— The data —
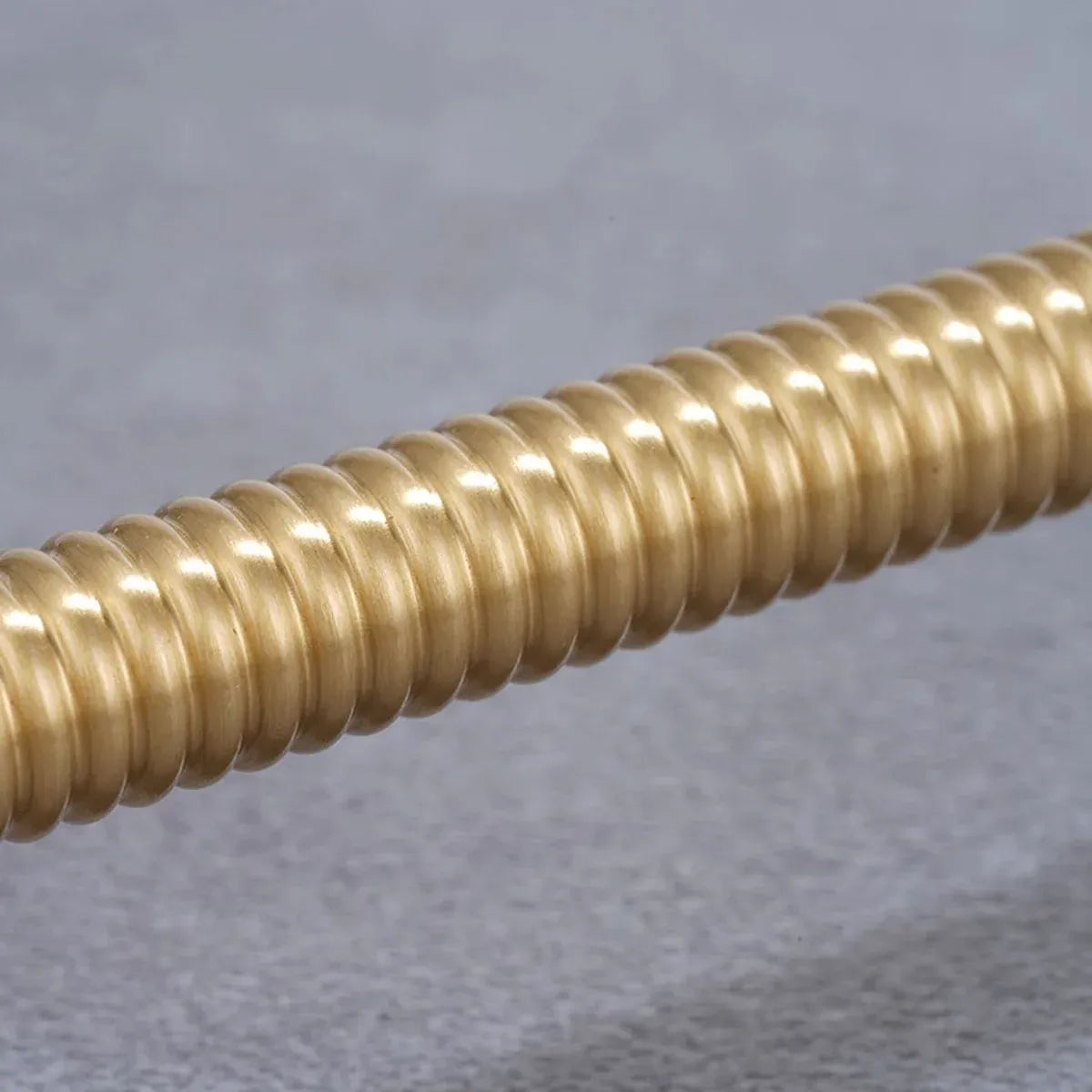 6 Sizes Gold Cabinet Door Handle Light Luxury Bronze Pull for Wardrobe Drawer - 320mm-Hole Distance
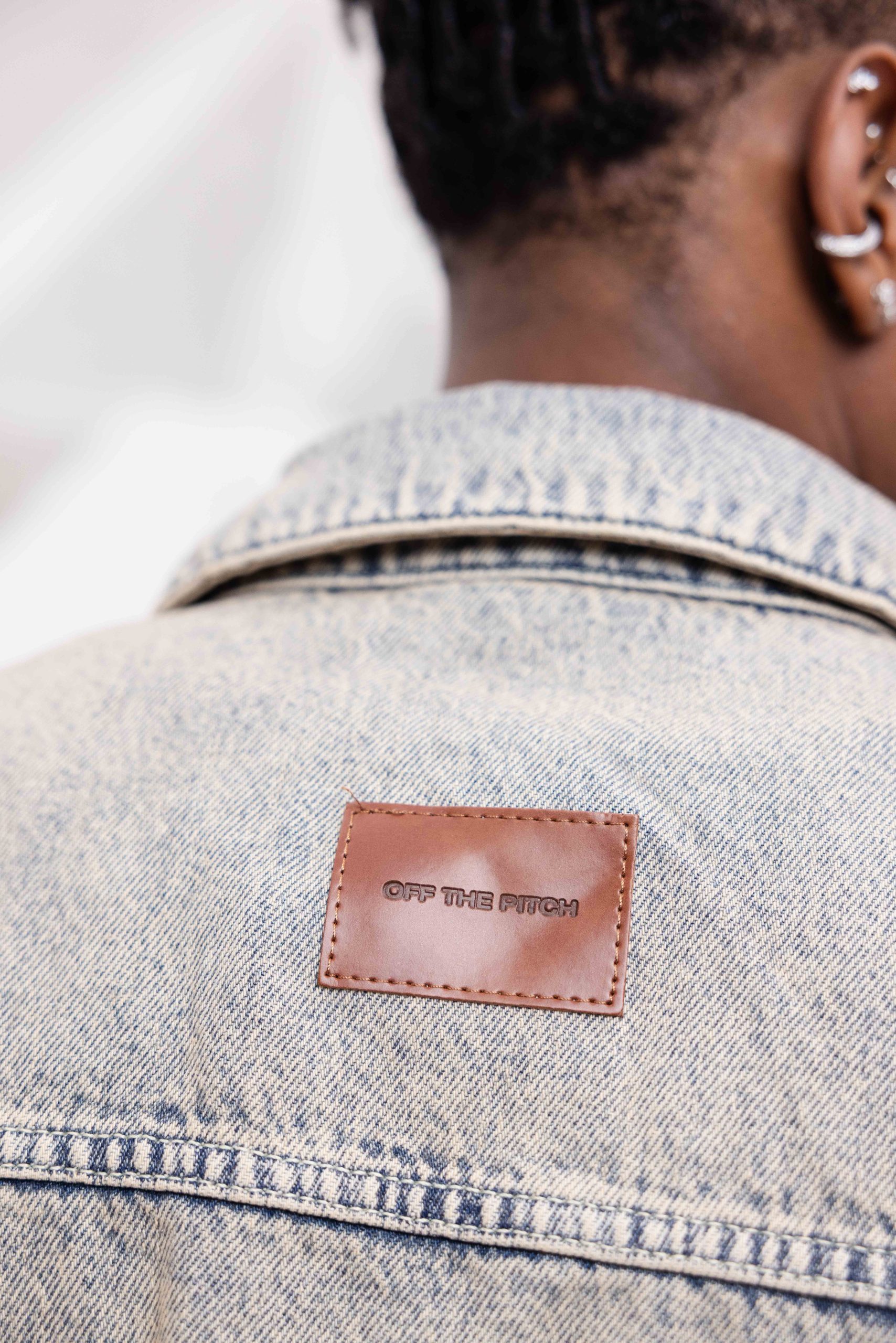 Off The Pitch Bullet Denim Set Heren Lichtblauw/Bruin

--

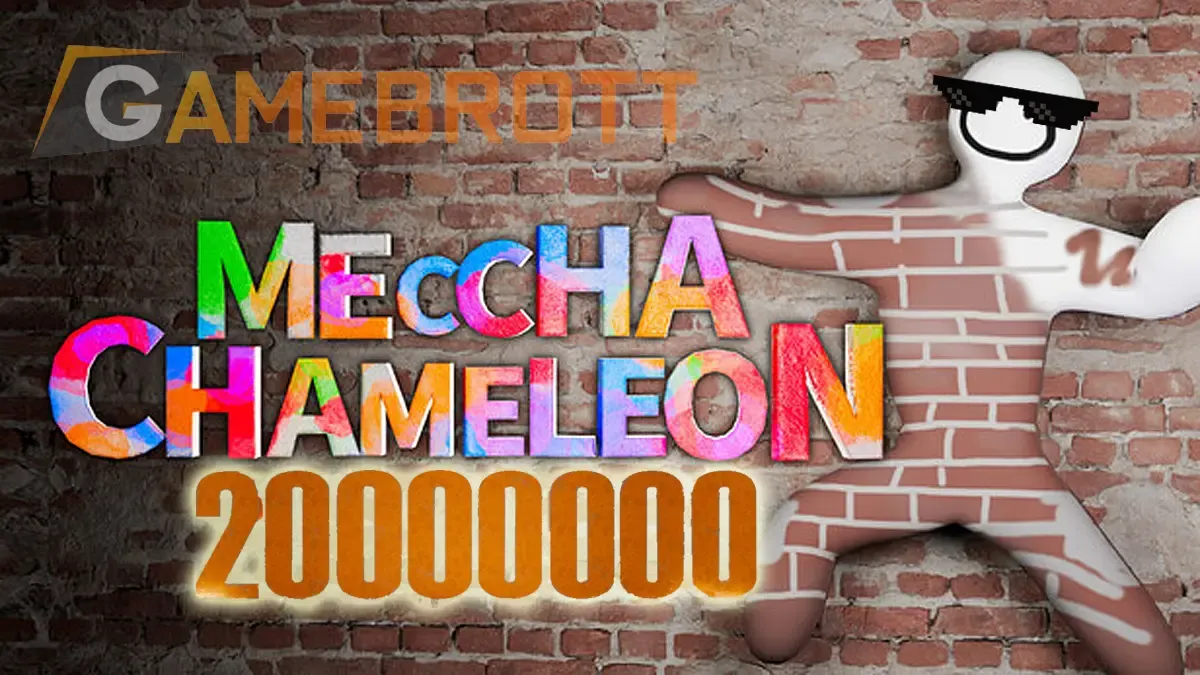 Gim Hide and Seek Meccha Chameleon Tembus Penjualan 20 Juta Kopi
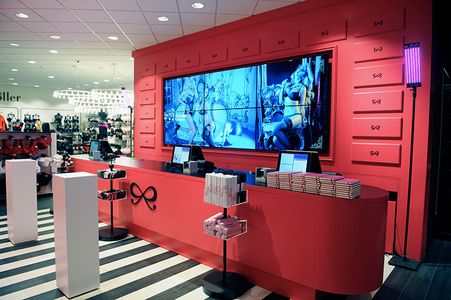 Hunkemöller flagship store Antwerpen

— Exercise details —
Only one stretch of the material above is wanted: the line containing "Gim Hide and" through the line containing "Hunkemöller flagship store Antwerpen". Restate it word for word, minus the pictures.

— Answer —
 Gim Hide and Seek Meccha Chameleon Tembus Penjualan 20 Juta Kopi
 Hunkemöller flagship store Antwerpen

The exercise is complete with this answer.